I have used You Need a Budget for a little while now, and I feel like I’ve used it enough so far to give a basic impression.

In general, I think its heart is in the right place. The software is designed to help make budgeting, that infernal task that everyone hates so much, into something manageable. That is no small feat, and their informal approach, coupled with a slick interface and endless help guides, goes a long way to making this happen.

More to the point, there is nothing that I could find in the software that directly conflicts with my own financial philosophies. None of the terrible suggestions I often hear, like keeping a balance on your credit card to get a better credit score, or not paying off your debt so you can invest first.

The worst I could say for the program is that they want you to link your checking accounts. But that’s optional.

Once you get into using their particular vocabulary, their “Four Rules” and the like, and putting it all to use, I could see this tool making your work easier of gaining clarity into your spending and adjusting your goals accordingly.

Like any system, it’s got its own peculiar way of doing things, and the vagaries of this system might not jive with your own. But that’s no one’s fault, not you or YNAB.

So I can say with confidence that You need A Budget is a powerful and useful tool for managing your monthly budget.

But do you need YNAB?

YNAB’s marketing copy states: “You Need A Budget is different from anything you’ve tried before.

Hardly.

If there is something that YNAB does that’s revolutionarily different from anything I’ve tried before, then it wasn’t visible to me

That’s not to take anything away from it of course. You don’t need to be different from everyone else to be effective; you just need to do it in your own way that resonates with people.

And as YNAB has been going strong for over a decade, clearly it’s done that.

But at the same time, because YNAB isn’t actually doing anything massively different from any other budgeting software, there isn’t any killer feature or must-have aspect to it.
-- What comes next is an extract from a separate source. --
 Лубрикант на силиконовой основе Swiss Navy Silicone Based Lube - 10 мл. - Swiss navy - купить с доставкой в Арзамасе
In short, there’s nothing that You Need A Budget is doing that you couldn’t find elsewhere, or that you couldn’t just do yourself.

For example, if you click here and fill out this form, you can get a worksheet that you can use to create your monthly budget. (A dynamic, editable version exists too, but only for clients.)

If I were to make that worksheet into a web app, it would probably look very similar to YNAB. Or vice versa.

But even if you don’t need it, if you believe it will work for you, then why not? (“YNot”?)

The service is $12 a month or $84 a year. If this tool helps you manage your finances in a way that using other services or doing it yourself doesn’t, then that seems like a small price to pay.

So, while you don’t need You Need A Budget, I believe that it can help you get a solid budget in place, and that’s actually what you need.

Disclaimer: I received no compensation or any guidance from YNAB for this post. This was a purely independent, unbiased review. If YNAB knows who I am, they’ve never reached out to me.